* [Your task] A faithful transcription of all the data, images excluded, is the required answer.

►

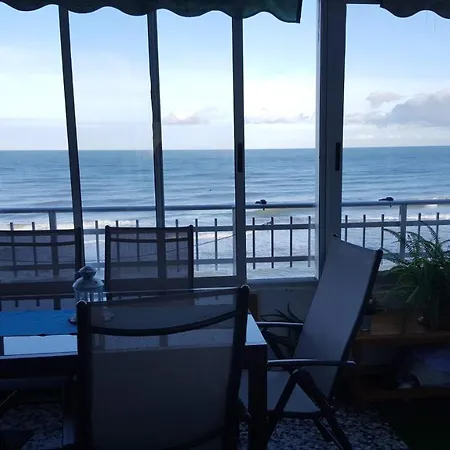 Homestay Sunset At Front - En La Playa Piso Privado *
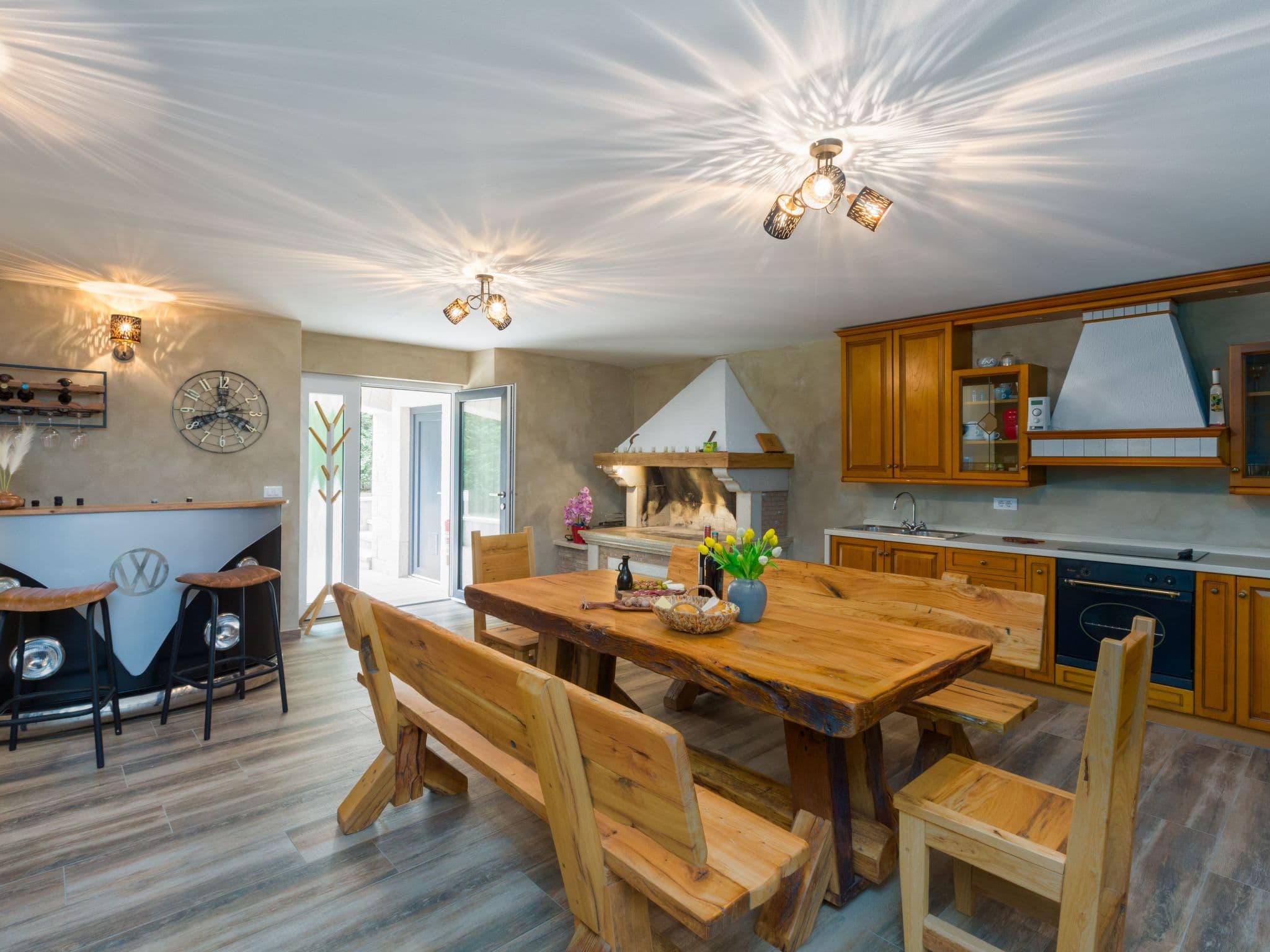 Kitchen / Dining Room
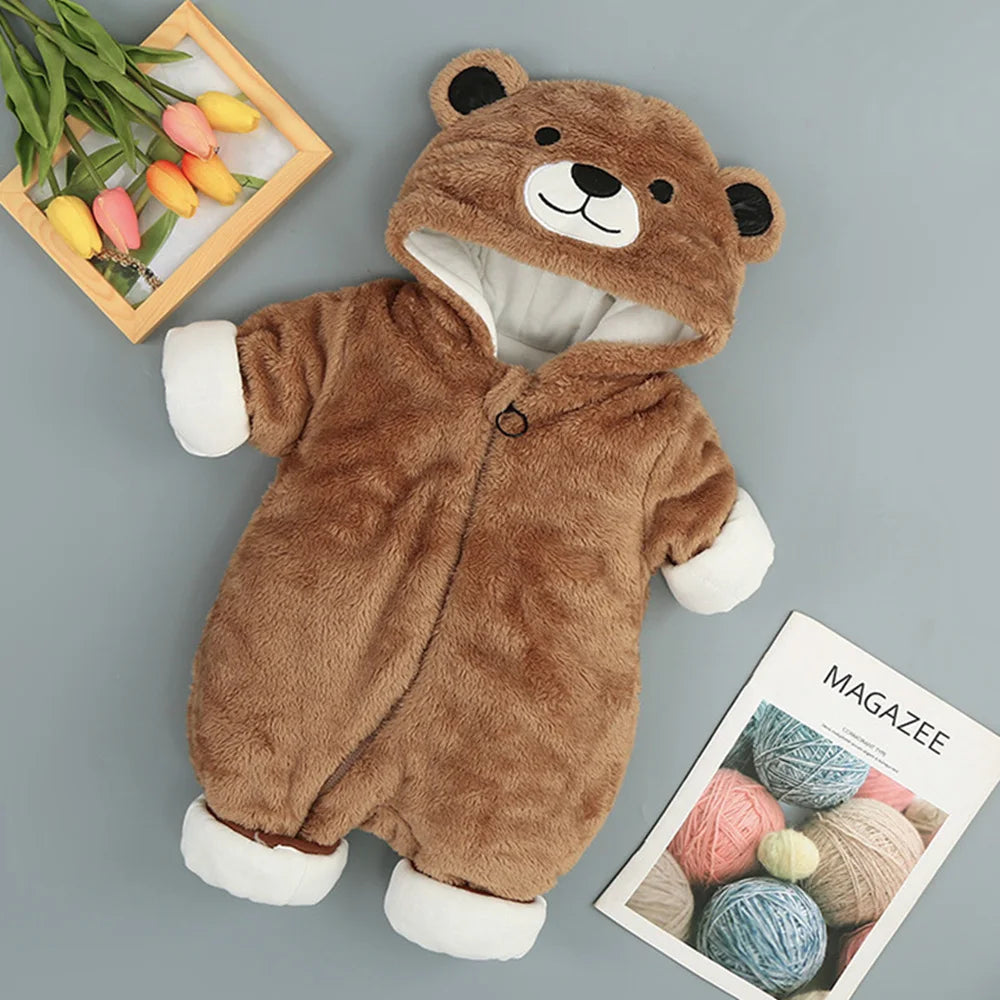 Keep your newborn cozy and stylish with these long sleeve hoodies—perfect for both baby boys and girls! -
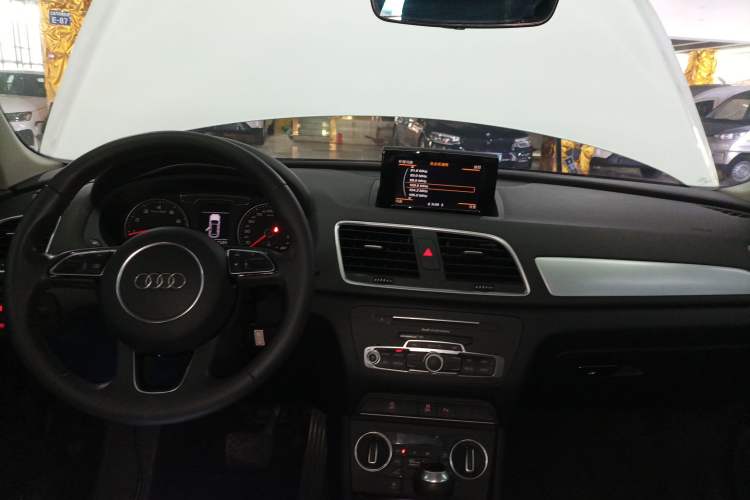 Used Audi Q3 2018 30th Anniversary Edition 30 TFSI Fashion Model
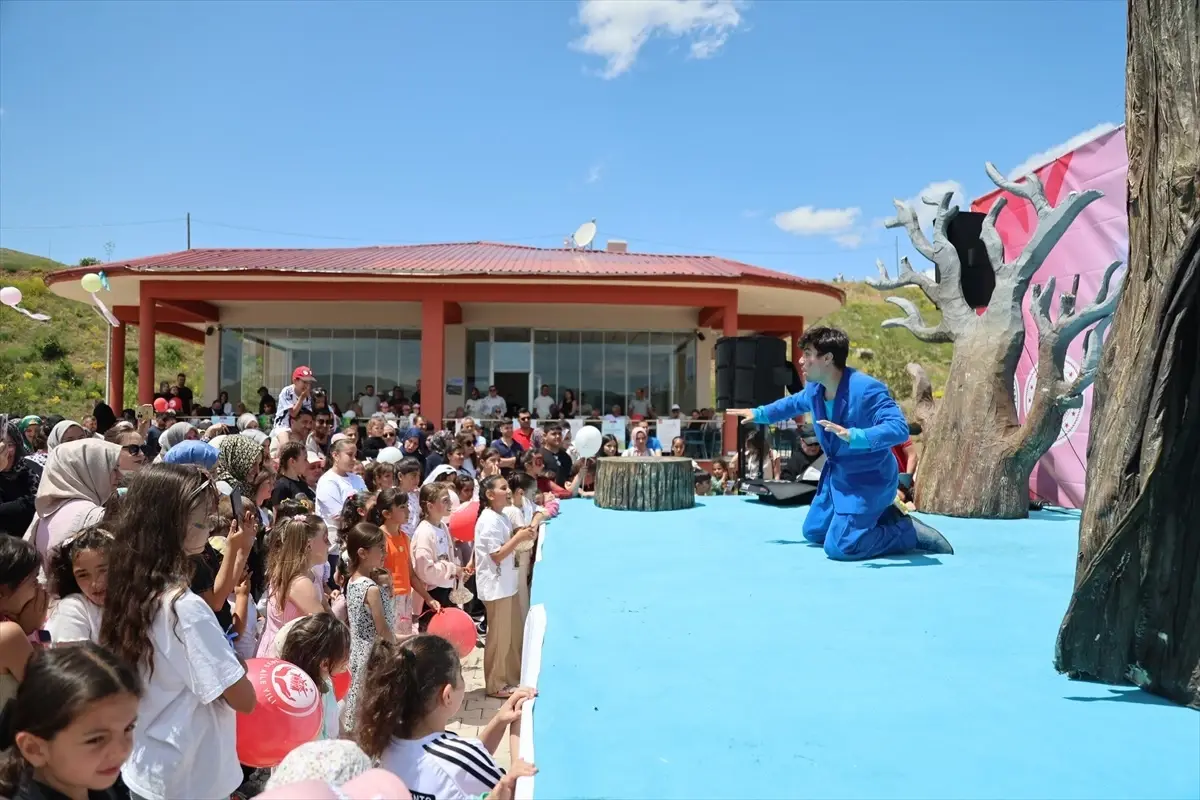 Demirözü'nde Kuşburnu Festivali Coşkusu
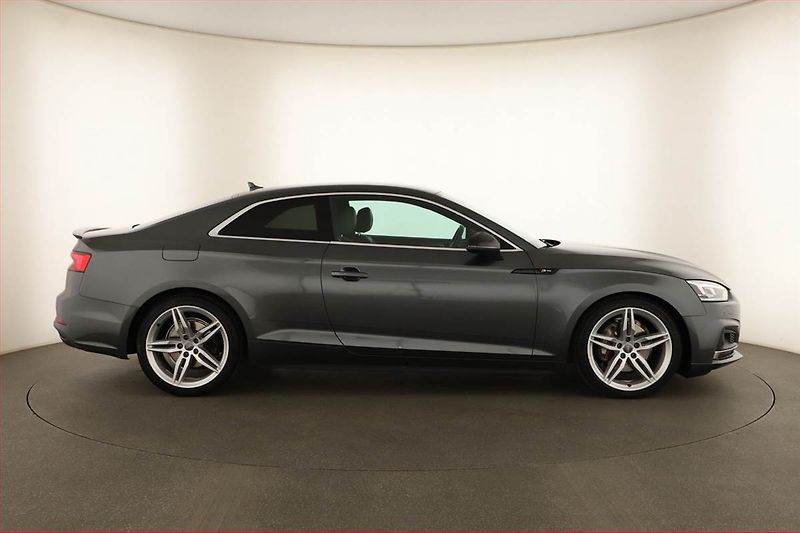 Audi A5 (2018) S-Line 3.0 TDI - fotka 6 z 19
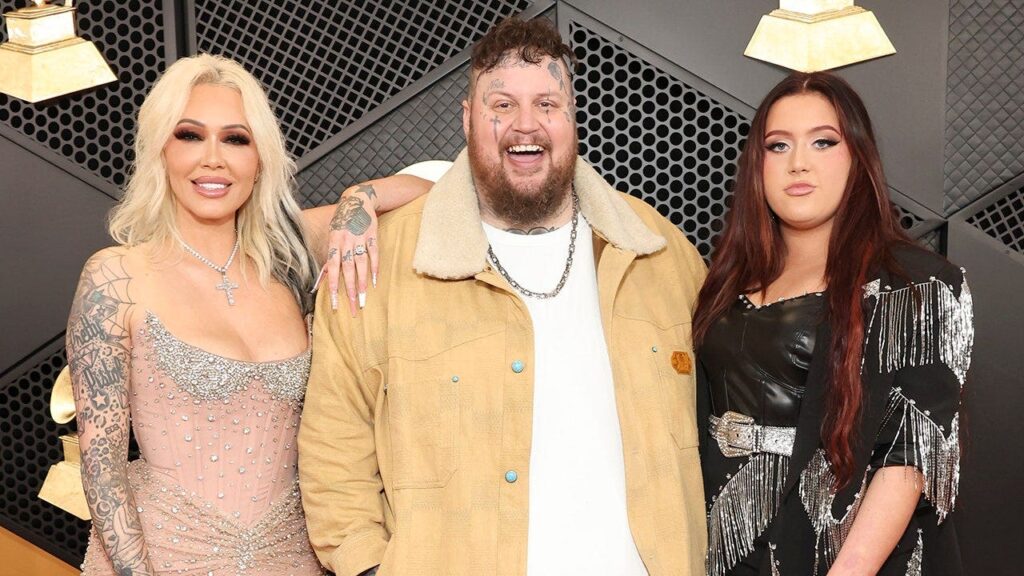 Jelly Roll’s daughter says she’s ‘disgusted’ by divorce chatter online Jelly Roll's daughter says she's 'disgusted' by divorce chatter online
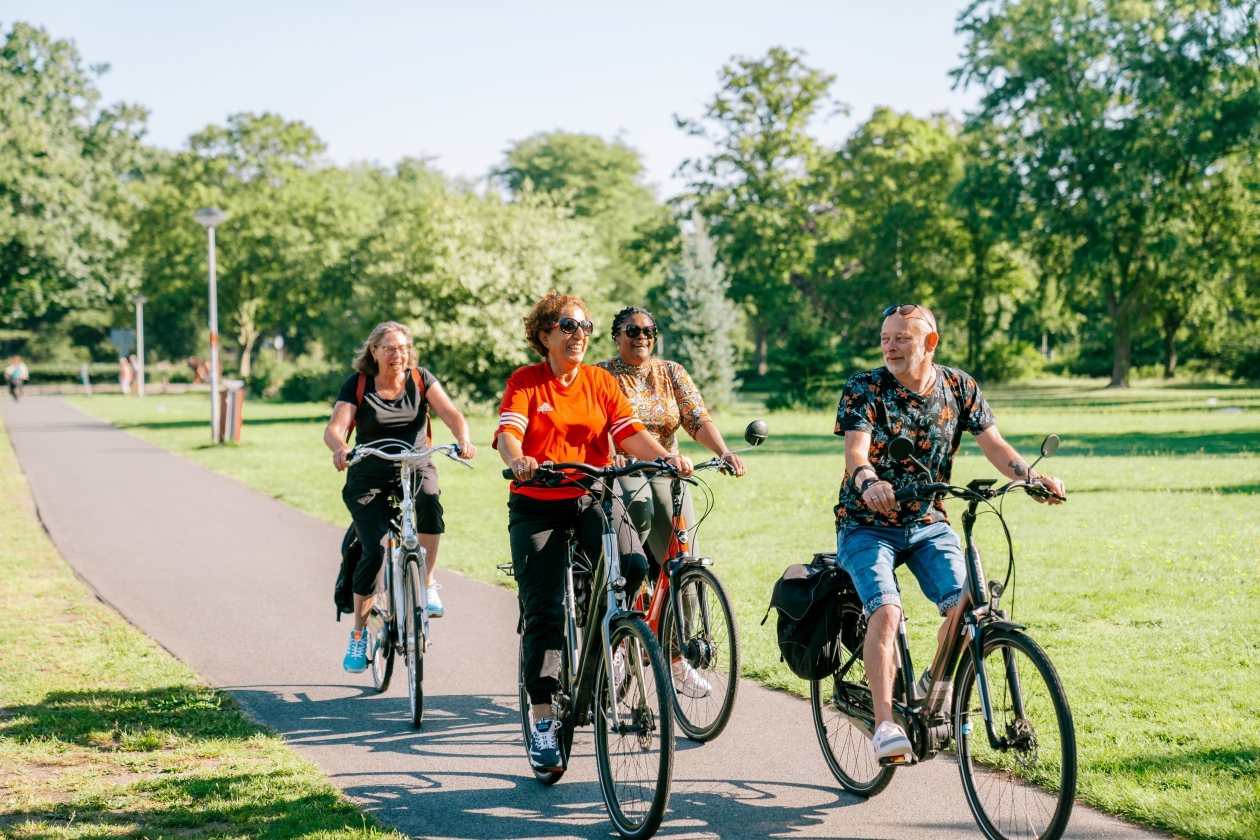 mensen fietsen in een park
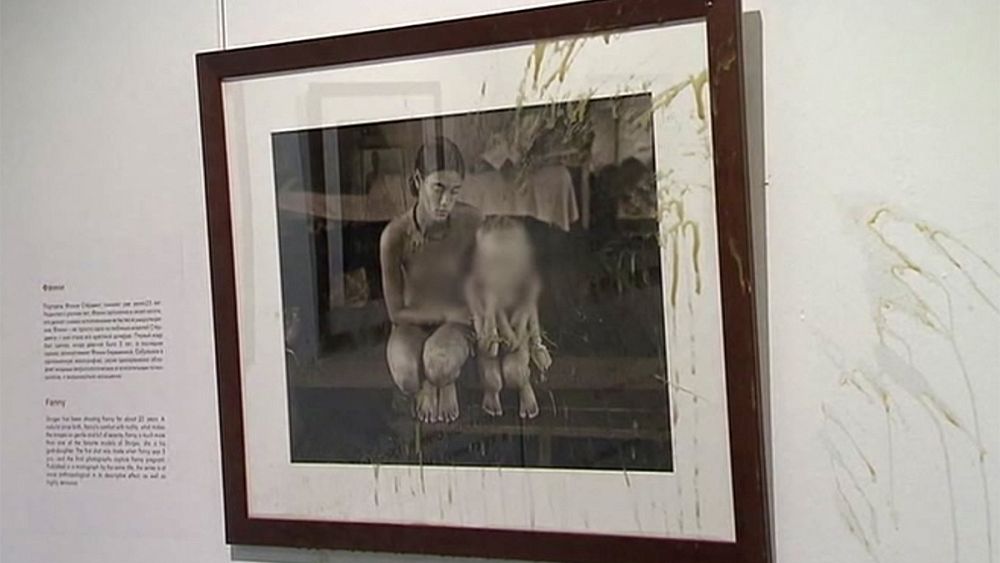 Скандальный фотограф Джок Стерджес удивлен и опечален закрытием выставки своих работ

◄

* [The completed task]
 Homestay Sunset At Front - En La Playa Piso Privado *
 Kitchen / Dining Room
 Keep your newborn cozy and stylish with these long sleeve hoodies—perfect for both baby boys and girls! -
 Used Audi Q3 2018 30th Anniversary Edition 30 TFSI Fashion Model
 Demirözü'nde Kuşburnu Festivali Coşkusu
 Audi A5 (2018) S-Line 3.0 TDI - fotka 6 z 19
 Jelly Roll’s daughter says she’s ‘disgusted’ by divorce chatter online Jelly Roll's daughter says she's 'disgusted' by divorce chatter online
 mensen fietsen in een park
 Скандальный фотограф Джок Стерджес удивлен и опечален закрытием выставки своих работ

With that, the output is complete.